Entonces, retomo y cierro: Ainhoa Vázquez Mejías aparece en esta escena enhebrando un texto simple e informativo que, mediante una redacción puntillosa no forma una traza gruesa –quizá tampoco lo desea–, pero que, ante el estado del arte en las investigaciones en juventudes y culturas, celebro por tercera vez. Su libro es una muestra de que la academia puede (y debe) hacer el esfuerzo por subirse las mangas y modular su producción; demuestra –además– la inmensa deuda que tiene el campo intelectual chileno para con sus pares y la sociedad, esa que no tiene nombre propios, ni auditorios donde ser escuchados. Dar sentido (o nuevos sentidos) a los pastiches discursivos y lugares comunes del presente es parte de la tarea a la que se precipita Narcoculturas, evidenciando tácitamente por qué estos temas son un compromiso urgente e importante en los patios post-party de esta Nación.
Ainhoa Vázquez Mejías. Doctora en Literatura Latinoamericana por la Pontificia Universidad Católica de Chile, investigadora y docente universitaria. Lleva más de diez años trabajando con temas vinculados a la narcocultura y la violencia de género. Ha publicado más de cuarenta artículos académicos sobre dichos temas en revistas internacionales especializadas. Es autora de los libros No mirar. Tres razones para defender las narcoseries (México, Universidad Autónoma de Chihuahua / Universidad Autónoma de Sinaloa, 2020), Feminicidio en Chile. Una realidad ficcionada(Cuarto Propio, 2015), y editora del libro Narcocultura de norte a sur: una mirada cultural al fenómeno del narco(México, Centro de Investigaciones sobre América del Norte-Universidad Nacional Autónoma de México / Universidad Autónoma de Chihuahua, 2017).
Andrea Ocampo Cea.
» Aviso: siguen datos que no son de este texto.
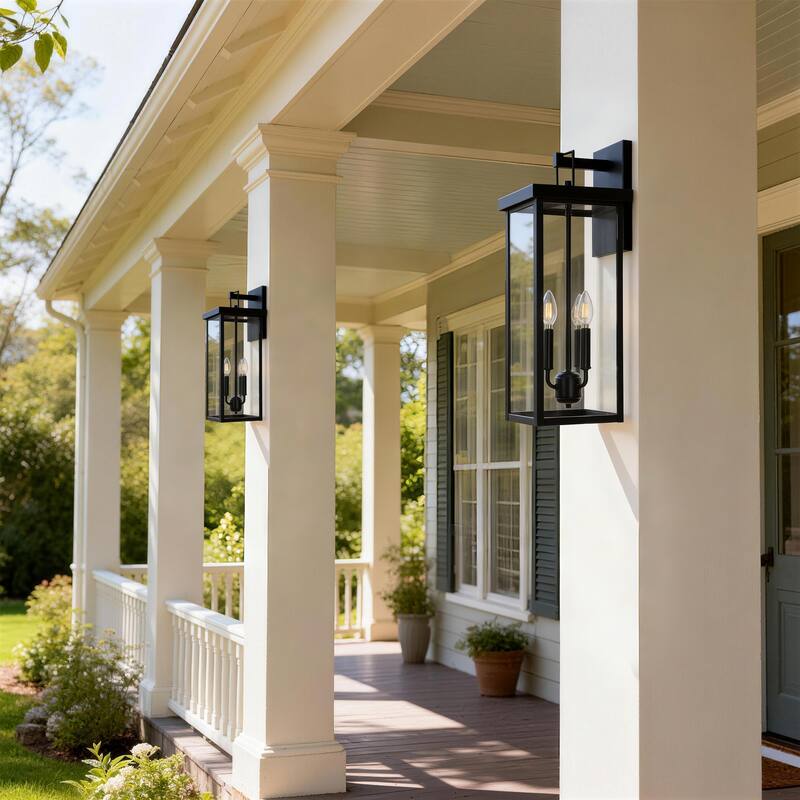 Outdoor Iron Rectangular Wall Light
Escritora, comunicadora e investigadora sobre cultura urbana desde una perspectiva de derechos humanos y juventudes. Lic. en Filosofía y tesista del Magíster en Estéticas Urbanas de la Pontificia Universidad Católica de Chile. Autora de Ciertos ruidos: nuevas tribus urbanas chilenas (Planeta, 2009), Patio 29: la democracia imaginaria(Animita Cartonera, 2007) y del poemario Piñata (Ripio, 2011), además de artículos académicos como «Reggaetón y academia, apropiaciones, desapropiaciones y estéticas de resistencia (Chile, 2016 – 2021)», entre otros. Con veinte años de registro, divulgación e investigación sobre fenómenos juveniles y la cultura urbana, ha publicado en medios como VICE en Español, Nylon, Zona de Obras, Anfibia y Paula. Es jurado de los Premios Pulsar en categoría género urbano. Ha sido Becaria de la Fundación Neruda, tallerista y profesora de Balmaceda Arte Joven, así como participante de los talleres de escritura de Guadalupe Santa Cruz y Mauricio Redolés.